Let T be the linear map on $P_2$ defined by
$T(p)(t) = (1+t)p^{'}(t)$
Determine the matrix of T with respect to the basis $(1, t, t^2)$ of $P_2$ .
What are the eigenvalues of T? Is T diagonalisable?
March 9th 2008, 09:23 AM
Plato

I will help with the basic matrix.
From $T(a + bt + ct^2 ) = (1 + t)(b + 2ct) = \left( {b + (b + 2c)t + 2ct^2 } \right)$ we get the matrix
$\left[ {\begin{array}{ccc}<br /> 0 & 1 & 0 \\ 0 & 1 & 2 \\ 0 & 0 & 2 \\ \end{array}} \right]$
March 9th 2008, 10:50 AM
CaptainBlack

Quote:

Originally Posted by Deadstar

Let T be the linear map on $P_2$ defined by
$T(p)(t) = (1+t)p^{'}(t)$
Determine the matrix of T with respect to the basis $(1, t, t^2)$ of $P_2$ .
What are the eigenvalues of T? Is T diagonalisable?

The columns of the matrix are the images of each of the basis vectors under
the transformation (in component form with respect to the basis)

RonL
March 9th 2008, 11:11 AM
Deadstar

cheers guys. One more question, what does the symbol that looks like a "U to the power 'an upside down T'" mean? I dont know how to notate that with latex.
March 9th 2008, 11:58 AM
Chloroform

lol, you miss those lectures too? I'm doing the same course.

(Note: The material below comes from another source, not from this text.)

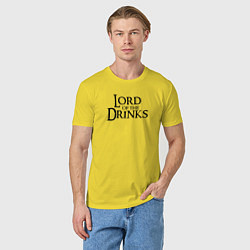 Футболка хлопковая мужская Lord of the drinks logo, цвет: желтый — фото 2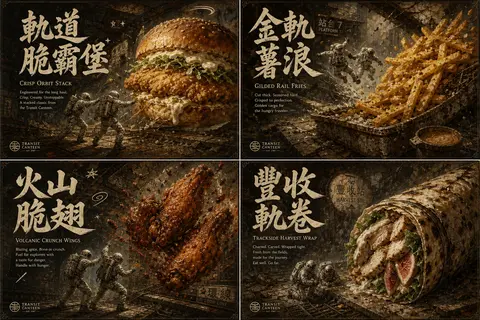 A museum-grade 2x2 four-panel campaign tableau for a fictional interstellar tran - AI生成图片 2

The 'U to the power 'an upside down T' thing you speak of is the orthogonal complement of U. The orthogonal compliment of a subspace U of an inner product V is the set of all vectors in V that are orthogonal to every vector in U.

Know Q3 yet? :p
March 9th 2008, 12:09 PM
Deadstar

no ive not really looked at it yet, Q.1s sorted. Trying to do the Stats assignment as well, bloody hard...
March 9th 2008, 06:39 PM
lllll

For $T(p)(t) = (1+t)p^{'}(t)$

is $T$ invertible?

& would $T^{-1} = -b - (b+2c)t - (2c)t^2$ ?
March 9th 2008, 09:01 PM
CaptainBlack

Quote:

Originally Posted by lllll

For $T(p)(t) = (1+t)p^{'}(t)$

is $T$ invertible?

& would $T^{-1} = -b - (b+2c)t - (2c)t^2$ ?

No $T$ is not invertible, the matrix of $T$ has zero determinant.

Another way to look at it is that if it were invertibable then for every quadratic function $f(x)$ (quadratic function here means a polynomial of degree not more than 2):

$p(t)=\int_0^t \frac{f(\zeta)}{1+\zeta} ~d\zeta + p_0$

would be a unique quadratic, but it is neither unique nor always a quadratic
(put $f(x)=1$ to see that it is not always a quadratic)

RonL